» **Prompt**: The span to repeat in the listing below runs from the line containing "Deursticker Oude boekenkast" to the line containing "Shape Mid Blue Wash Denim Zip Front Jumpsuit", inclusive. Repeat it exactly, and only it.

--

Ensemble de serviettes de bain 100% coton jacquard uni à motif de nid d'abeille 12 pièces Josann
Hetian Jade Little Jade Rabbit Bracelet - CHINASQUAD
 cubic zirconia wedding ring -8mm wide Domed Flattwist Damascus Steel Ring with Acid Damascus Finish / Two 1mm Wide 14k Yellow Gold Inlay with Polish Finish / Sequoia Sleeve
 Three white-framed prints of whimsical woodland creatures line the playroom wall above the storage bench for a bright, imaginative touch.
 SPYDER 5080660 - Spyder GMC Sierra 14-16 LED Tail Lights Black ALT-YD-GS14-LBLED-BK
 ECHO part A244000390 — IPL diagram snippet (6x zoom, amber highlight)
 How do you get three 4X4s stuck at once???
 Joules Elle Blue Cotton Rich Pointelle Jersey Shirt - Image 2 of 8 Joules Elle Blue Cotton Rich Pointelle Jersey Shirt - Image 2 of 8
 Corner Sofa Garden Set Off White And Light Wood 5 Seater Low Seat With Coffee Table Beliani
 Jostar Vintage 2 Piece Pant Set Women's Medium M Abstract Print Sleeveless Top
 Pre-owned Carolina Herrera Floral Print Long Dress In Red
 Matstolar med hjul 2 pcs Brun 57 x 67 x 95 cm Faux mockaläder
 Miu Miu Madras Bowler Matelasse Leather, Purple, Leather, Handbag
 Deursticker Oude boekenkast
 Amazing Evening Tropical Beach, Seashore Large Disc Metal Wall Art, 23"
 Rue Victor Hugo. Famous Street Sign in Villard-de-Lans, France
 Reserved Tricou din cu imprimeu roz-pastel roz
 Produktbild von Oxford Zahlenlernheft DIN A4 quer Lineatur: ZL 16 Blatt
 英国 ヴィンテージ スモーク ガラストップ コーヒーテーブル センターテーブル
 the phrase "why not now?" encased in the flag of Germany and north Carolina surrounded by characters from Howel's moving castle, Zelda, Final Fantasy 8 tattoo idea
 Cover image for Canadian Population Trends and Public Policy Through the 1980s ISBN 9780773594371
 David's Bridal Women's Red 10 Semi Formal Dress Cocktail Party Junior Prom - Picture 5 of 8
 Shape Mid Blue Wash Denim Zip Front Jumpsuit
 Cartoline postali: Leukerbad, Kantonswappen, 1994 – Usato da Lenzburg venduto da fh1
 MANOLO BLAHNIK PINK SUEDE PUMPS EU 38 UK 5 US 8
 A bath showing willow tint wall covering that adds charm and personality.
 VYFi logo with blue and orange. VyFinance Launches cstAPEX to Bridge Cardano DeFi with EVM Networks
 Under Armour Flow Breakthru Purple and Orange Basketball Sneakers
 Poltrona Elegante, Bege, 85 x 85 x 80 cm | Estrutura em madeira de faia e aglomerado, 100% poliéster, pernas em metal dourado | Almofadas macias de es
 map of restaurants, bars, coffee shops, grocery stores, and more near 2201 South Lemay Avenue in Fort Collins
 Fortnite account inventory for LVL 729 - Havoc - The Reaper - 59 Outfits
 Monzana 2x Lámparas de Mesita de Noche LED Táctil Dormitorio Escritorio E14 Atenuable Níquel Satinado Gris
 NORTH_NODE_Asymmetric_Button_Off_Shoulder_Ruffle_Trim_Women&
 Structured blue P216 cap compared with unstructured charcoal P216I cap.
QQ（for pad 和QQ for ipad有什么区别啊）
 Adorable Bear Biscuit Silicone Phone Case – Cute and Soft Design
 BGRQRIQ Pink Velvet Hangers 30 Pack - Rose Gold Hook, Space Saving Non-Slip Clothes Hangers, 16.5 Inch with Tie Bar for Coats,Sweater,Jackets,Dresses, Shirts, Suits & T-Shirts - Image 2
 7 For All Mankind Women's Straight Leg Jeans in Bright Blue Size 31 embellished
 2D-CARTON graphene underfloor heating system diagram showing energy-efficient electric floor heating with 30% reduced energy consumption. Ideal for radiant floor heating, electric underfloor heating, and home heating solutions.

--

» **Answer box**:
 Deursticker Oude boekenkast
 Amazing Evening Tropical Beach, Seashore Large Disc Metal Wall Art, 23"
 Rue Victor Hugo. Famous Street Sign in Villard-de-Lans, France
 Reserved Tricou din cu imprimeu roz-pastel roz
 Produktbild von Oxford Zahlenlernheft DIN A4 quer Lineatur: ZL 16 Blatt
 英国 ヴィンテージ スモーク ガラストップ コーヒーテーブル センターテーブル
 the phrase "why not now?" encased in the flag of Germany and north Carolina surrounded by characters from Howel's moving castle, Zelda, Final Fantasy 8 tattoo idea
 Cover image for Canadian Population Trends and Public Policy Through the 1980s ISBN 9780773594371
 David's Bridal Women's Red 10 Semi Formal Dress Cocktail Party Junior Prom - Picture 5 of 8
 Shape Mid Blue Wash Denim Zip Front Jumpsuit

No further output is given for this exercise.